Pennsylvania and New Jersey (the States) sued seeking to enjoin enforcement of these two new rules. Both have state-funded programs that provide family planning and contraceptive services for eligible individuals and argued that when women lose contraceptive insurance coverage from their employers, they will seek out these state-funded programs and services. The district court granted a preliminary injunction, enjoining the rules’ enforcement nationwide. While the appeal of the order preliminarily enjoining the IFRs was pending, the agencies promulgated two final rules, virtually identical to the interim final rules.

States have standing

The court concluded that the States will suffer a concrete and imminent financial injury from the increased use of state-funded services, and that an injunction would redress that injury. The States are not required to define a specific woman who will be affected by the final rules.

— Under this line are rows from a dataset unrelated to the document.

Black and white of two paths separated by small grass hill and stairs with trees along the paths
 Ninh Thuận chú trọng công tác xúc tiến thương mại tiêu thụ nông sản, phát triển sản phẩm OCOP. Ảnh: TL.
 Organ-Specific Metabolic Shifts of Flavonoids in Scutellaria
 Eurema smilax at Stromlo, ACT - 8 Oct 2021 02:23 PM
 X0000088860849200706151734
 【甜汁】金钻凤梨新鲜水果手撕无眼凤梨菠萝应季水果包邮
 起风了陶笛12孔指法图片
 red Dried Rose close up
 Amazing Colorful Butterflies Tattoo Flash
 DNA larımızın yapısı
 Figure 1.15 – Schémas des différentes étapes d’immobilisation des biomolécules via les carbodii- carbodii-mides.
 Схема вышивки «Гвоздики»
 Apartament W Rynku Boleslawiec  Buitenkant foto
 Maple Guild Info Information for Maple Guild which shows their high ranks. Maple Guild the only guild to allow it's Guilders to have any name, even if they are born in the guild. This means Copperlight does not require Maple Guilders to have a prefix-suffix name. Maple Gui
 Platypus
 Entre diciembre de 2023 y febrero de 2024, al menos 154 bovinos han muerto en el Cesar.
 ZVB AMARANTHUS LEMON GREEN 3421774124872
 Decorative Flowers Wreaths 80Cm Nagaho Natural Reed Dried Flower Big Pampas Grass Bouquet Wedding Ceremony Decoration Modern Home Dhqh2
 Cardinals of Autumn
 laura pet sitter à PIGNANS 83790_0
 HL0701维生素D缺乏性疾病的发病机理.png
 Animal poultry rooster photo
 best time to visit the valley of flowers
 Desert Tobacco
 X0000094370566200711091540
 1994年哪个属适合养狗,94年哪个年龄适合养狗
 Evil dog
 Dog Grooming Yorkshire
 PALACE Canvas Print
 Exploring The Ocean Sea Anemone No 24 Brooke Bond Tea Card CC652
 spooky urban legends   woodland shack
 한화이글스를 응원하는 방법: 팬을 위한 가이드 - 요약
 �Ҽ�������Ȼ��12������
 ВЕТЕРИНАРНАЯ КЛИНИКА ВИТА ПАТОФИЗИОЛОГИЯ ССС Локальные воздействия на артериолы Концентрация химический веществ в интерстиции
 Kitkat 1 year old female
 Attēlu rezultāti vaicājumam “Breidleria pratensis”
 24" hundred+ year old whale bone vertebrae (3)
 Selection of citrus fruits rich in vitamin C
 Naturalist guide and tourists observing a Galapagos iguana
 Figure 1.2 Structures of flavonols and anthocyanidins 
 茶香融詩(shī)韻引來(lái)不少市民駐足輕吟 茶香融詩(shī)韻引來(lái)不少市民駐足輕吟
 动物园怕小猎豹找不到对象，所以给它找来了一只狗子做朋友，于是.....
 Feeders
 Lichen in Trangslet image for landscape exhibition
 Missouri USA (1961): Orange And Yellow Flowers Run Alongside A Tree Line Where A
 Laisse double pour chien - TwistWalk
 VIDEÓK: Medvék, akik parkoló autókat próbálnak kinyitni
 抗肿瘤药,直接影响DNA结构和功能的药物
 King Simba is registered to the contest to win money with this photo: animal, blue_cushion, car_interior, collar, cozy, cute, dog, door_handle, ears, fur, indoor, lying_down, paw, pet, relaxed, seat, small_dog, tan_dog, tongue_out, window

Preliminary injunction granted 

The court held that the States are likely to succeed on their procedural APA claims because the agencies failed to comply with the notice-and-comment requirement and this defect tainted the final rules. The regulation provision of the Health Insurance Portability and Accountability Act of 1996 (HIPAA) does not grant the agencies discretion to proceed by IFR in lieu of notice-and-comment rulemaking and the agencies lacked good cause for dispensing with notice of and comment to the IFRs. The court rejected the agencies’ argument that there was an urgent need to alleviate harm to those with religious objections to the current regulations. It also held that previous notice and comment does not allow agencies to forego notice and comment for a later regulation on similar matters. In addition, the notice and comment provided for the final rules suggest that the opportunity for comment was not a meaningful because the final rules are virtually identical to the IFRs and the IFRs impaired the rulemaking process by altering the agencies’ starting point in considering the final rules.

The court also held that the States were likely to succeed on their substantive APA challenges because neither the ACA nor RFRA authorized the agencies to create exemptions. The unambiguous language of the ACA’s Women’s Health Amendment only authorized the agencies to decide what services would be covered, not who provides them, and RFRA did not require or authorize such broad exemptions, particularly given RFRA’s remedial function that places the responsibility for adjudicating religious burdens on the courts, not the agencies. In addition, the final rules would impose an undue burden on nonbeneficiaries—the female employees who will lose coverage for contraceptive care. The public interest favors minimizing harm to those third parties. Because the current accommodation does not substantially burden employers’ religious exercise and the exemption is not necessary to protect a legally-cognizable interest, the States’ financial injury outweighs any purported injury to religious exercise. Finally, a nationwide injunction is appropriate to provide complete relief (for example, 14 percent of the New Jersey workforce works out of state).